* [EXERCISE DIRECTIONS]
Lines from the one containing "Cole Haan Men's" through the final line of the records below are needed, copied exactly, with no pictures.

[Image-text web data]
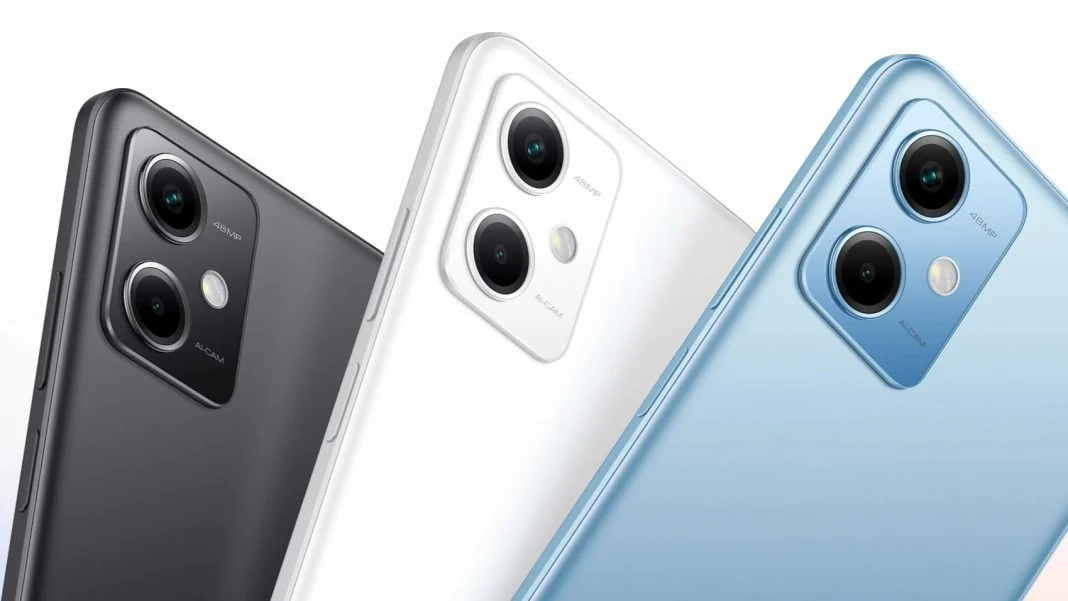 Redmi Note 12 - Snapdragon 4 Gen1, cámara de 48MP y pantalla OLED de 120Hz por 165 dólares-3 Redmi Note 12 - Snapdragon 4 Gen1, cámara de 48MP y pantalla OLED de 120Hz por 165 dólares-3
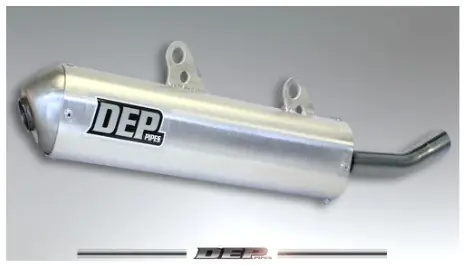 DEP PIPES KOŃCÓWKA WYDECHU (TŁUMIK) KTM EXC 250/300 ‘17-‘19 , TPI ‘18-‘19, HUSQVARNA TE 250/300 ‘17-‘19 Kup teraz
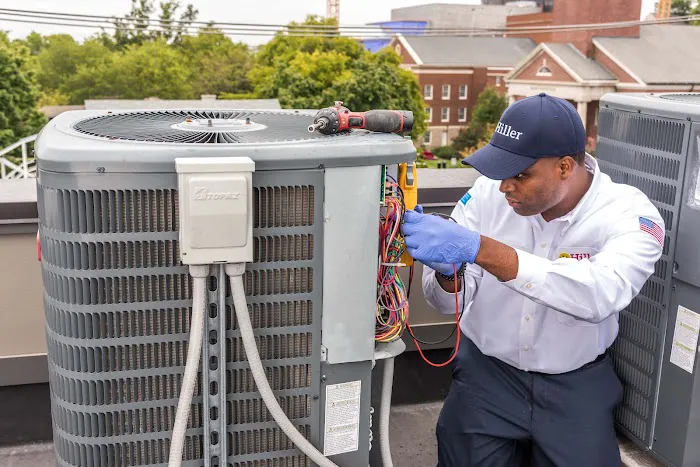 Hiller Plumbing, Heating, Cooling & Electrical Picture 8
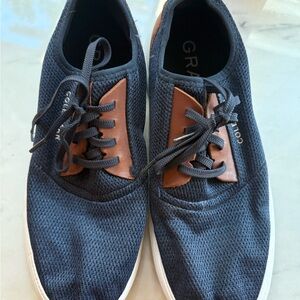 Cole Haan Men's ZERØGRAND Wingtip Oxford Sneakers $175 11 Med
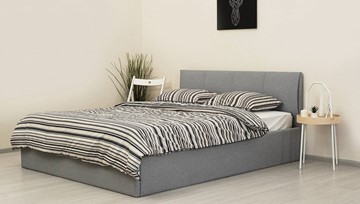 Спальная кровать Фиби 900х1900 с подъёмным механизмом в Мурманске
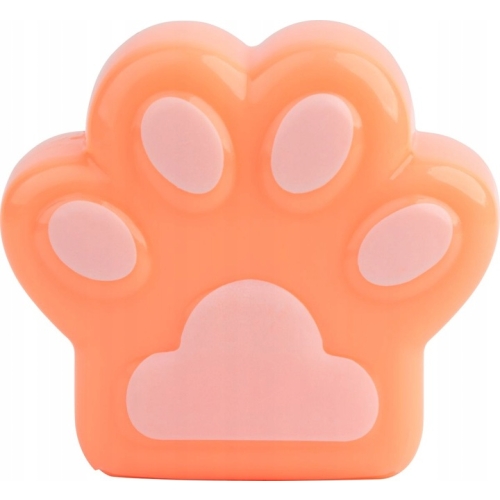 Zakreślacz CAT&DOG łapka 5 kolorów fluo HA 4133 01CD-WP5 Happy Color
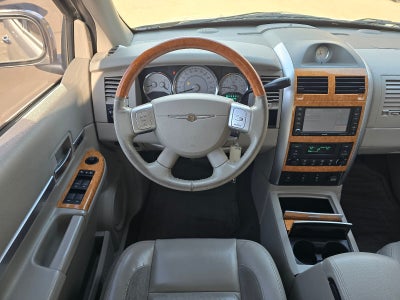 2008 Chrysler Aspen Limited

* [RESULT]
 Cole Haan Men's ZERØGRAND Wingtip Oxford Sneakers $175 11 Med
 Спальная кровать Фиби 900х1900 с подъёмным механизмом в Мурманске
 Zakreślacz CAT&DOG łapka 5 kolorów fluo HA 4133 01CD-WP5 Happy Color
 2008 Chrysler Aspen Limited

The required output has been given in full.